The article explores the experience of immigrant African Francophone students in particular, but looks at the social, cultural, psycho-social, and academic factors of the larger immigrant experience demonstrating how those critical pieces contribute to or detract from a successful school integration. The African Francophone experience is an interesting example as this group represents a “minority within a minority context” (Masinda et al., 2014, p. 92): a cultural/racial minority within the French language speaking minority here in BC. The authors composed a diverse research team who were all English and French speaking, along with various African languages. In broad strokes the research consisted of individual and group interviews in iterative phases, community observation, and literature review, followed by opportunity for voice – specifically youth voice – to form the corpus of data.

Masinda et al.’s (2014) article was the first place that fully clarified for me that it is the immigrant/refugee student that continues to be the focus of acculturation, rather than all students be the focus of cultural integration. That the voice of the new student is drowned out in the call to make them sound more like the domestic students. While I already knew that I wanted to develop something that was more inclusive, this is the article that gave me the vocabulary to do it. This paper also gave me a working definition of what a positive integration can look like: “the healthy social, cultural, psychological and academic transitions that help immigrant children and youth to realize their full potential in the school” (p. 99).

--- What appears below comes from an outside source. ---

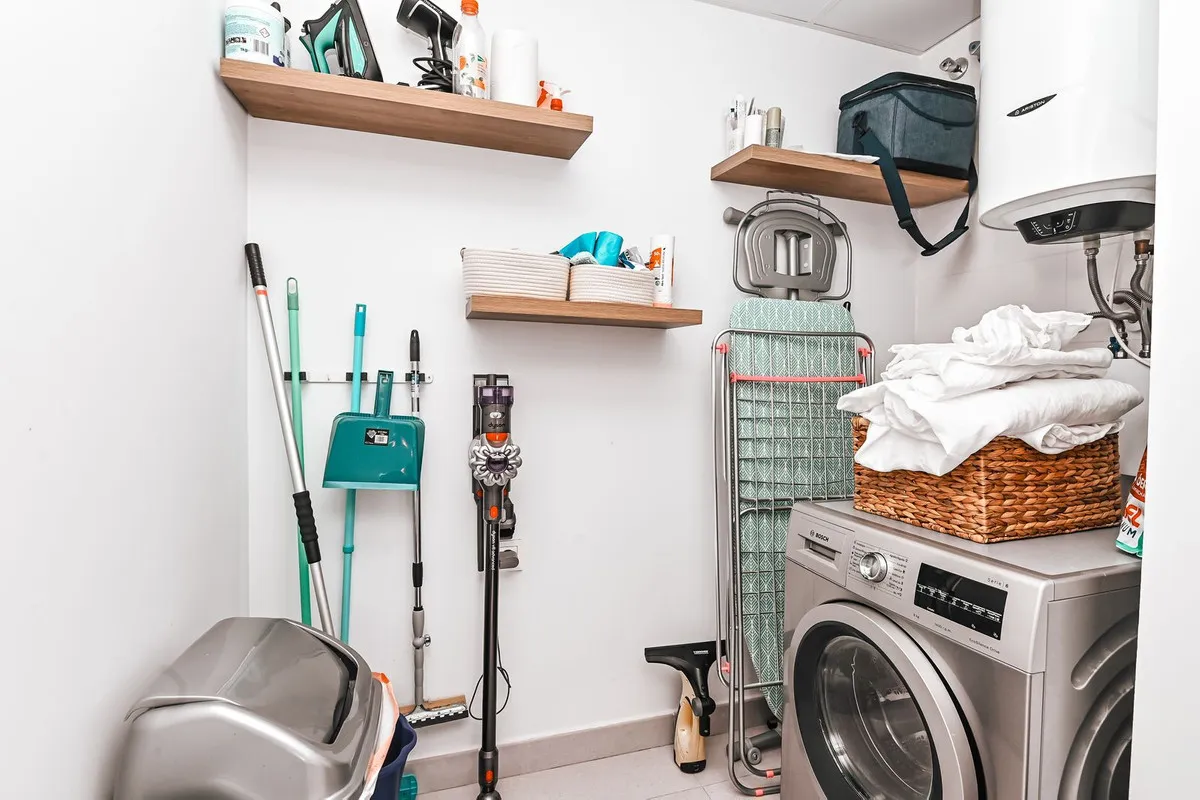 d93b2f78-fc21-41c3-96bf-1724bdbb2b1b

The components identified by Masinda et al. (2014) that comprise the Integrated Framework are social, cultural, psychological, and academic. The article looks at each in detail, and ways of recognizing success in each area from immediate to long-term results. The paper concludes with a list of 9 recommendations that can be generalized to support any immigrant groups in most school settings.

The social and cultural aspects of the framework in particular were something I intend to approach with my project, particularly the immediate results shown in the framework diagram: that “newcomer students and peers understand each other, positive connectedness [sic]”, and that “newcomer students have a better understanding of school and Canadian Culture” (p. 100). My hope is that, through the use of games, that the initial cultural distance can be decreased and that students will understand rather than ‘other’ each other.

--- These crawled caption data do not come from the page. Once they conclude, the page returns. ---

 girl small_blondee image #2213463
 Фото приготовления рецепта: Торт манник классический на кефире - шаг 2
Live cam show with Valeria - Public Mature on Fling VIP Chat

For me, this paper was a goldmine. Reading it last fall confirmed some of the thinking I was developing, and opened up my mind to new understandings of stressors and difficulties that children and youth say are barriers to their positive integration. Although this paper concentrates specifically on Francophone African children and youth in the Lower Mainland of BC, many of the things that the authors revealed in the paper can be seen here in other immigrant groups (in the Interior). The concluding recommendations could be implemented in most schools to promote student’s connection to their new school, peers, educators, and culture.

I enjoyed that the final recommendations included ones that support educators with practical direction. Helping teachers identify their own needs and assets as well as looking at the domestic student and teacher inter-cultural competence when welcoming new students would support everyone in the equation.

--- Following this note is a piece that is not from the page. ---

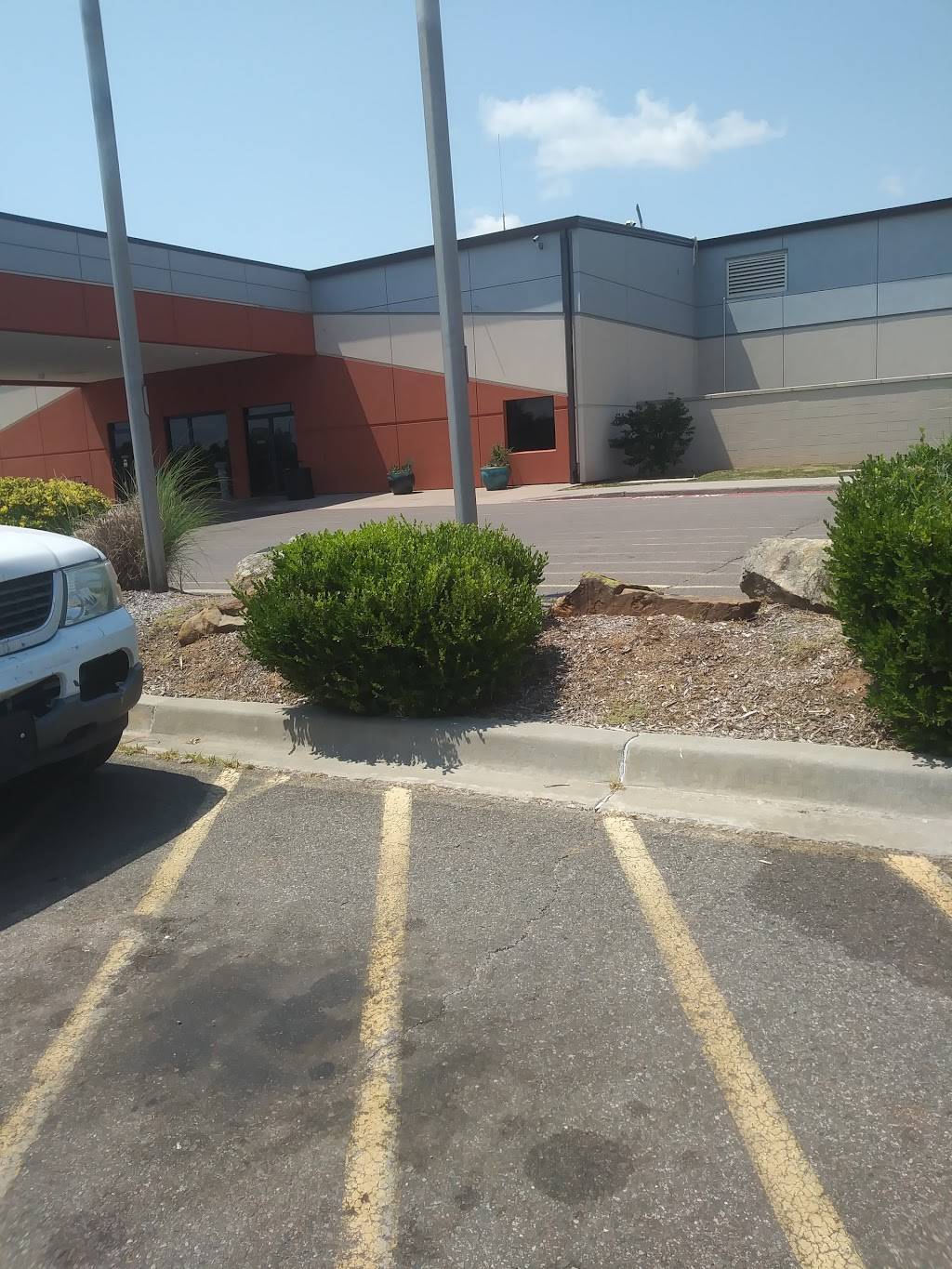 Thunderbird Casino | restaurant | 15700 OK-9, Norman, OK 73026, USA | 4053609270 OR +1 405-360-9270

Finally, the reference list from this paper was a treasure trove of well researched, relevant and recent resources that I’m still working my way through.

The initial writing prompt was to talk about a meaningful text as though I were at a dinner party (Liese et al., 2017) – this isn’t entirely that, and this past year has been devoid of dinner parties. My partner has heard about facets of this article many times, though, over dinner and otherwise. It has acted as an anchor document for me throughout the research process, and a place I have come back to when stuck or needing to reorient. I count myself lucky to have found it early on in my process, and have shared it widely.

References:

Liese, J., West, A., & Cornell du Houx, E. (2017). Grad Written Thesis-Writing Prompts.
Masinda, M. T., Jacquet, M., & Moore, D. (2014). An Integrated Framework for Immigrant Children and Youth’s School Integration: A Focus on African Francophone Students in British Columbia – Canada. International Journal of Education, 6(1), 18.

Update post for DLRCP – a bit of a rough post. . .mostly thoughtful meandering. . .

I just noticed that it’s 2 years since my first posts in this space.

I was reflecting with my partner the other night about how this project is such a good summative thing to do, bringing together all of the learning we’ve been doing throughout the program. The work is causing me to draw on many of the pieces that I learned in the first year and pushing me to fill gaps in that learning at the same time.

Throughout all of this, the Plate Spinner post keeps coming to mind, too.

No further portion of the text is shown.